Der genaue Blick zeigt, dass hier mehrere Faktoren greifen - zuallererst ein starkes afrikanisches Trio: Der Nigerianer und frühere Wolfsburger Victor Osimhen (22, 2020 für über 60 Millionen als Rekordeinkauf von Lille OSC gekommen) zündet im zweiten Jahr verletzungsfrei erst so richtig. Mit seiner Robustheit gelangen ihm nicht nur Tore (fünf), er macht auch Bälle fest und lässt den sonst von der Größe her eher sehr kleinen SSC-Angriff (Insigne, Dries Mertens, Matteo Politano) mit seinen 1,85 Metern deutlich anwachsen.

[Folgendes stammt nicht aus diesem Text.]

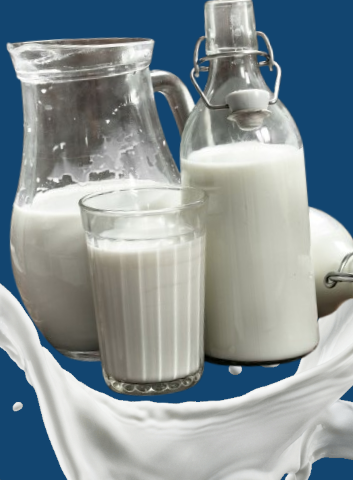 Fresh A2 Milk Dubai | Farm Fresh A2 Milk Delivery | a2milkuae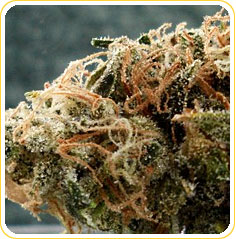 Bio Diesel marijuana strain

Defensiv hält der senegalesische Abwehrchef Kalidou Koulibaly, der seit Jahren mit einem Wechsel in Verbindung gebracht wird und doch wieder geblieben ist, den Laden zusammen. André-Franck Zambo Anguissa, der von Premier-League-Absteiger Fulham gekommen ist, ist der Dritte im afrikanischen Bunde - und erweist sich in seinen bisherigen Matches als makelloser Lückenschließer im Mittelfeld. Der lauf-, zweikampfstarke und extrem passsichere Kameruner macht das sichtbar, was Spalletti geschafft hat: die Teamteile zu verbinden. Vorn können sich Fabian Ruiz, Insigne & Co. austoben, defensiv steht die Wand.

Ich habe in Rom trainiert, der Stadt des Papstes, in St. Petersburg, der Stadt der Zaren, in Mailand, der Modestadt. Nun trainiere ich das Team von Maradona - in einer Stadt, in der der Fußball und Wunder dasselbe sind.

Luciano Spalletti

Darüber hinaus zeigt sich die Stärke der Partenopei in dieser Saison eben auch in der Breite des Kaders. Gestandene Abwehrkräfte wie Juan Jesus oder Kostas Manolas (jeweils ehemals Roma) sind nicht Stamm. Im Mittelfeld muss der ehemalige Leipziger Diego Demme auf Einsatzchancen hoffen, während vorn Adam Ounas, Hirving Lozano, Andrea Petagna und sogar Mertens, seines Zeichens mit 136 Treffern erfolgreichster Torschütze der Napoli-Geschichte vor Hamsik (121) und Legende Maradona (115), reingeworfen werden können.

Was zählt im Fußball?

Alles in allem ist in Neapel also einiges angerührt, um den dritten Scudetto endlich heimzuholen. Hinzu kommt noch der Fakt, dass das altehrwürdige San Paolo (das De Laurentiis schon mal als Toilette beschimpft hat), inzwischen in Anlehnung an die SSC-Ikone Diego Armando Maradona Stadion heißt und nach langer Corona-Stille wieder mit den heißblütigen Fans gefüllt ist. So wird wieder der bekannte Hexenkessel draus.

Das könnte ein weiterer Schlüssel für die Meisterschaft sein, wie Coach Spalletti erst kürzlich bei DAZN gesagt hat: "Was zählt im Fußball sind gute Spieler, ein gut organisierter Klub und eine Fanbasis wie unsere."